Well, my virginity is gone anyway and I’m being moral by taking the pill! I saw a sign up just last week telling me it’s irresponsible to have children these days because they’ll have a shit life when The Day After Tomorrow comes for them.

Allison, I don’t know if you’re the authority on ethical childbearing. You have sex because you like it. And I don’t know if you’re the best interpreter of religion, either. Just last week you told me a Mormon came to your door and you thought it was an actor advertising for the musical…

Fine! You’re right. I use Tinder because I like sex. Not all sex, only good sex, only when I enjoy it more than whatever lucky man I’m fucking. Who cares if I can’t recite the Bible front to back; everyone’s an atheist in 2019. We’ve got HBO to tell us what sex is all about, and I’ve seen enough Girls to know it’s about pleasure, my pleasure. But you’re getting me off topic. I’m trying to explain Tinder.

I said I’ve had five hookups, flings, romances in the past year. January feels like a decade ago. Dating so many men ages you – they’re all so immature it turns you into their mother. Let me start by saying this: it’s all about balance. You’re not going to find someone rich, nice, and good in bed on these apps. You’ve gotta figure out what each guy offers and make sure you’re okay with it.

The names of the first three tell you almost everything you need to know about them: Will, William, and – wait for it – Wilkin. I’m really not kidding, you can’t make this shit up. Old, rich, white, and bad in bed. The sex was so bad I insisted they get me off before I even considered them. There were pros, though. I fucked with them. I had the Wills on their knees apologizing for shit they didn’t even do. I got anything I wanted. When you’re a broke college student, you can deal with shit sex and libertarian musings about Planned Parenthood if it guarantees you an income. But once I got to Willy, I’d been to enough Michelin restaurants.

When I swiped right on the fourth guy, I didn’t realize he went to my college. We had to get over the awkwardness of being around people we knew, so we were drunk all the time. I would hook up with other guys at parties to make him jealous, but we always found ourselves in my room, plastered, at the end of the night. It fizzled out when we realized we cheated on each other with the same guy…
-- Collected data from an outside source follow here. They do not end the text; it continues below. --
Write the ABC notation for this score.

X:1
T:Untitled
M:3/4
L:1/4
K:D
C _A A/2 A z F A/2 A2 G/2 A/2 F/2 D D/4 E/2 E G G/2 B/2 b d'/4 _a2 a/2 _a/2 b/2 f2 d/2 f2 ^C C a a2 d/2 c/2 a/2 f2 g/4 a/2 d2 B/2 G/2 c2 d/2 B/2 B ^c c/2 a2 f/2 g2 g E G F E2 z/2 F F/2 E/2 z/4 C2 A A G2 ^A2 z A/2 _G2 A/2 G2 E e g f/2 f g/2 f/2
I’m still seeing the last one because the sex is sensational. I want you to know everything about Tinder, so I’ll tell you about him, but don’t follow in my footsteps.

His name is Jenkin, which is weird; I don’t think it’s been used since The Canterbury Tales. I met him at a party in October after I started my master’s, so I figured he was a grad student too, but he’s a freshman in the college. My mom always tells me boys don’t mature until they’re 25, so an 18-year old was probably a dumb choice.

Once I got rid of the fourth guy, I went back on Tinder and found Jenkin. We didn’t waste time DMing, we started fucking as soon as I swiped right. The sex is incredible, I think it’s because we have compatible zodiac signs. The problem? He’s abusive. He hits me, yells at me. He isn’t affectionate, but in some fucked up way, it all just makes me want him more. Also, he’s a misogynistic prick. One day, I was telling him how much I hate the Sports Illustrated swimsuit edition. He pulled it up on his computer; when he got to Kate Upton, he said she was “not even curvy, straight up fat.” I was furious. I grabbed the computer and snapped the screen right off the keyboard and threw it at him, hard. He picked it up and started hitting me with it; I fought right back. He grabbed me, shoved me up against a wall, and suddenly we were fucking. Afterward, he told me he was sorry for being abusive, said it would stop. So… I’m still hooking up with him…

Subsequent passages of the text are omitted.